The airport was named "Twin Cities Airport Ross Field" until mid-April 1993, when it was renamed with its current name; the "Ross Field" label was retained within the facility.

== Facilities and aircraft ==
Southwest Michigan Regional Airport covers an area of 485 acres (196 ha) at an elevation of 649 feet (198 m) above mean sea level. It has two asphalt paved runways: 10/28 is 6,005 by 100 feet (1,830 x 30 m); 14/32 is 3,661 by 100 feet (1,116 x 30 m)

For the 12-month period ending December 31, 2021, the airport had 18,250 aircraft operations, an average of 50 per day: 94% general aviation, 5% air taxi, and <1% military. At that time there were 59 aircraft based at this airport: 47 single-engine and 5 multi-engine airplanes as well as 7 jets.

The airport is accessible by road from Territorial Road, and is close to Interstate 94 and I-94 Business Loop.

The airport is staffed as follows:
- Monday through Friday, May through October - 8AM to 7PM
- Monday through Friday, November through April - 8AM to 4PM
- Saturday, year round - 8AM to 4PM

===Control tower===
Originally opened in 1973, the air traffic control tower was abandoned after a 1981 controller strike. It ceased operation and never re-opened. The air traffic control tower was demolished in the fall of 2013.

==Air service==
There is currently no commercial airline with scheduled passenger service at the airport. From 1960 to 2000, the airport was predominantly serviced by airlines including North Central Airlines, Republic Airlines (1979–1986), Mississippi Valley Airlines, Air Wisconsin Airlines, Iowa Airways and Mesaba Airlines. Today, the airport is used primarily by general aviation and corporate clients.

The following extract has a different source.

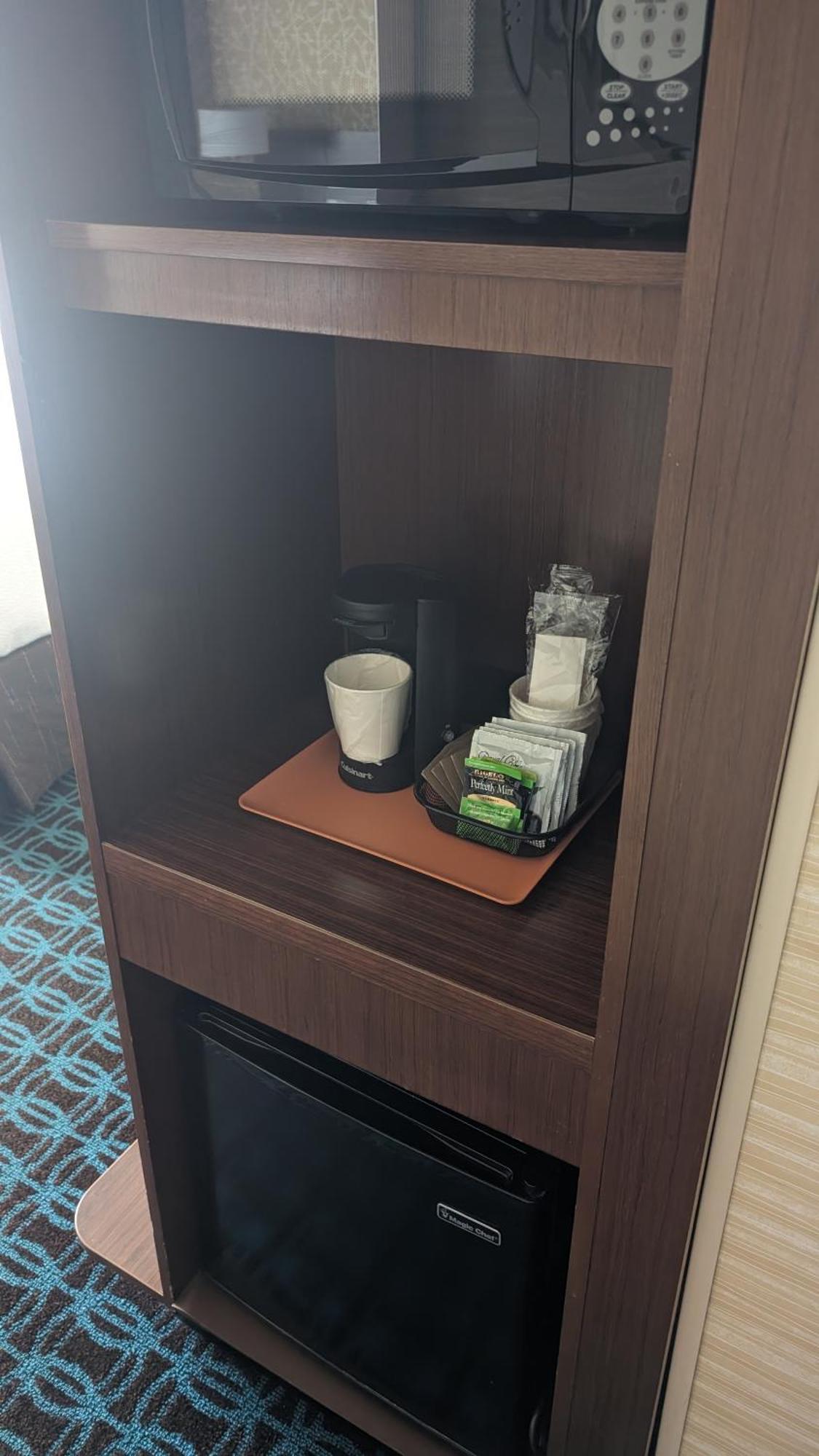 Fairfield & By Marriott Detroit Hotel Troy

It was most recently serviced from 1995 to 2000 by Mesaba Airlines, offering five daily flights to the Northwest Airlines hub at Detroit. But despite an intense local marketing campaign (utilizing the slogan You Can Get There From Here), the proximity of airports in Chicago, Kalamazoo, Grand Rapids, and South Bend siphoned business from BEH and service was discontinued.

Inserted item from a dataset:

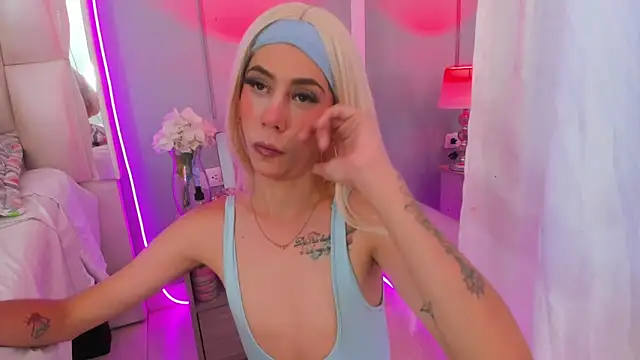 Darlyn tenderhot   online show from 10.16.25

It is also currently the home of the Wolverine Composite Squadron of the Michigan Wing Civil Air Patrol.

==Accidents and incidents==
- On February 3, 1992, a Beech 95-BE55 Baron crashed in Benton Harbor for undetermined reasons.
- On August 2, 2002, a Piper PA-46 impacted terrain on the extended centerline during a forced landing at Benton Harbor following a complete loss of engine power in cruise. The aircraft was substantially damaged, and the pilot and two passengers were fatally injured. The probable cause was found to be the pilot's failure to maintain airspeed above stall speed resulting in a stall/spin.
- On October 2, 2013, a Piper Pa-28 Cherokee crashed during startup procedures. The pilot applied full throttle and lost control of the plane, subsequently impacting a hangar. A ground worker was injured. The probable cause was found to be the pilot's failure to maintain aircraft control during engine start.
- On November 26, 2025, a replica of a Piper PA-12 flipped while attempting an emergency landing.